⟨

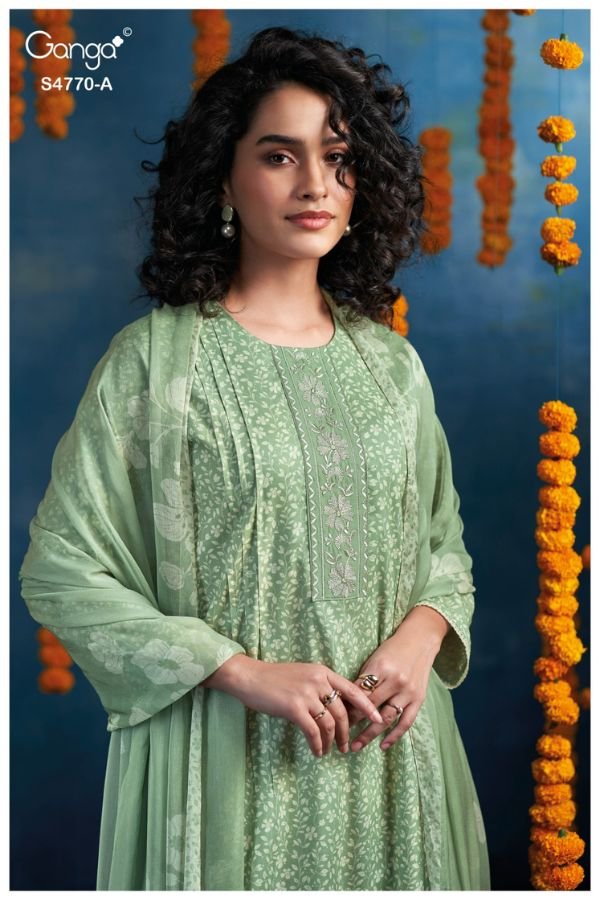 Ganga Fashion Blaise S4770 Premium Cotton Suit S4770-A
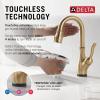 imageDelta 9678TDST Leland Deck Mounted Single Handle PullDown Bar Faucet with Touch Clean Touch2O MagnaTite Docking and Diamond Seal Technology  SpotShield StainlessChampagne Bronze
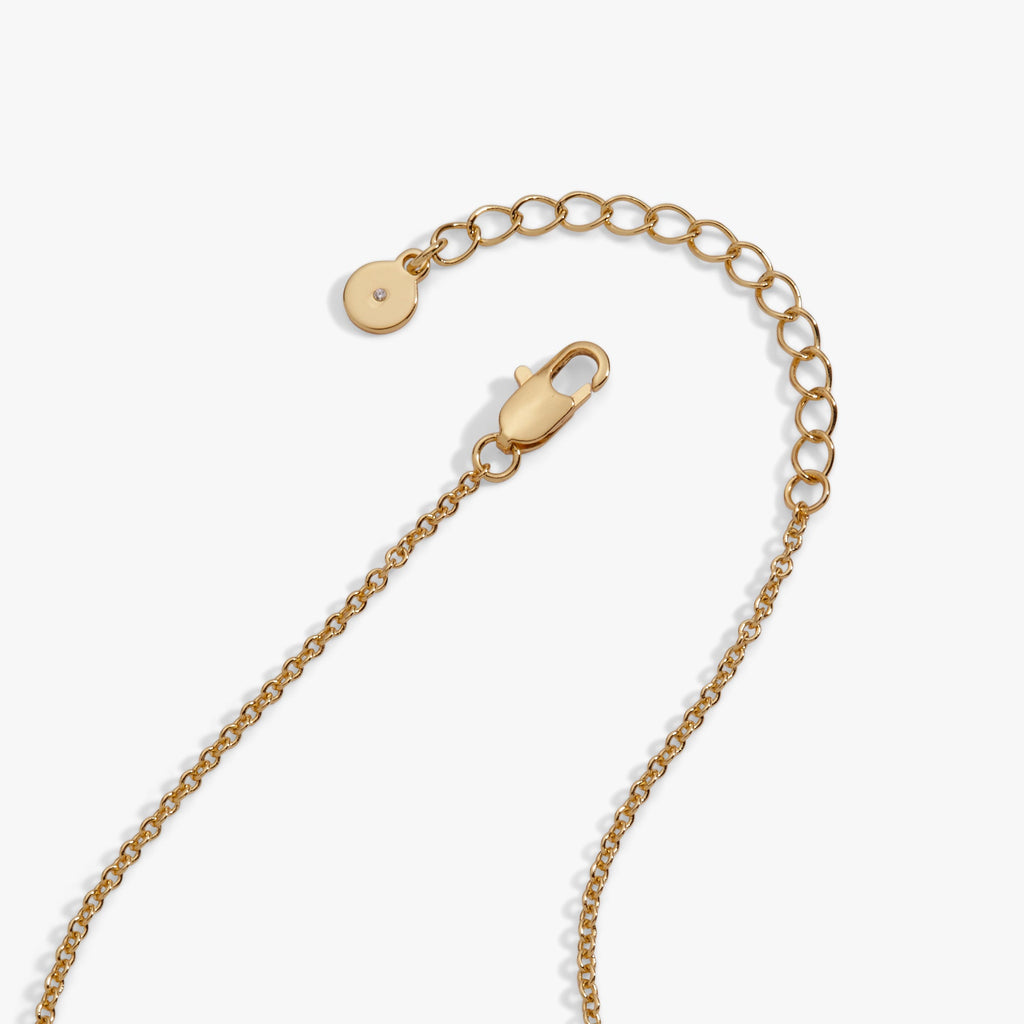 Coffee Bean 'Happiness, Wealth, Health' Engraved Pendant Necklace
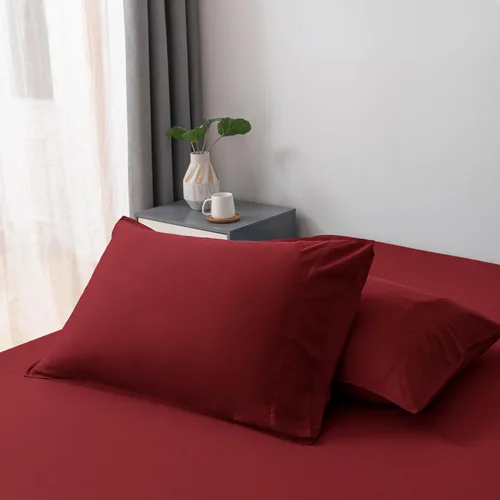 Miniatura 8 de Bella Coterie - Juego de fundas de almohada de viscosa de bambú de lujo, 100% cultivadas orgánicamente, ultra suave, refrescante, 2 piezas [Champán]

⟩

Your instructions - Apart from the pictures, every line above must be printed exactly.

Result of this exercise -
 Ganga Fashion Blaise S4770 Premium Cotton Suit S4770-A
 imageDelta 9678TDST Leland Deck Mounted Single Handle PullDown Bar Faucet with Touch Clean Touch2O MagnaTite Docking and Diamond Seal Technology  SpotShield StainlessChampagne Bronze
 Coffee Bean 'Happiness, Wealth, Health' Engraved Pendant Necklace
 Miniatura 8 de Bella Coterie - Juego de fundas de almohada de viscosa de bambú de lujo, 100% cultivadas orgánicamente, ultra suave, refrescante, 2 piezas [Champán]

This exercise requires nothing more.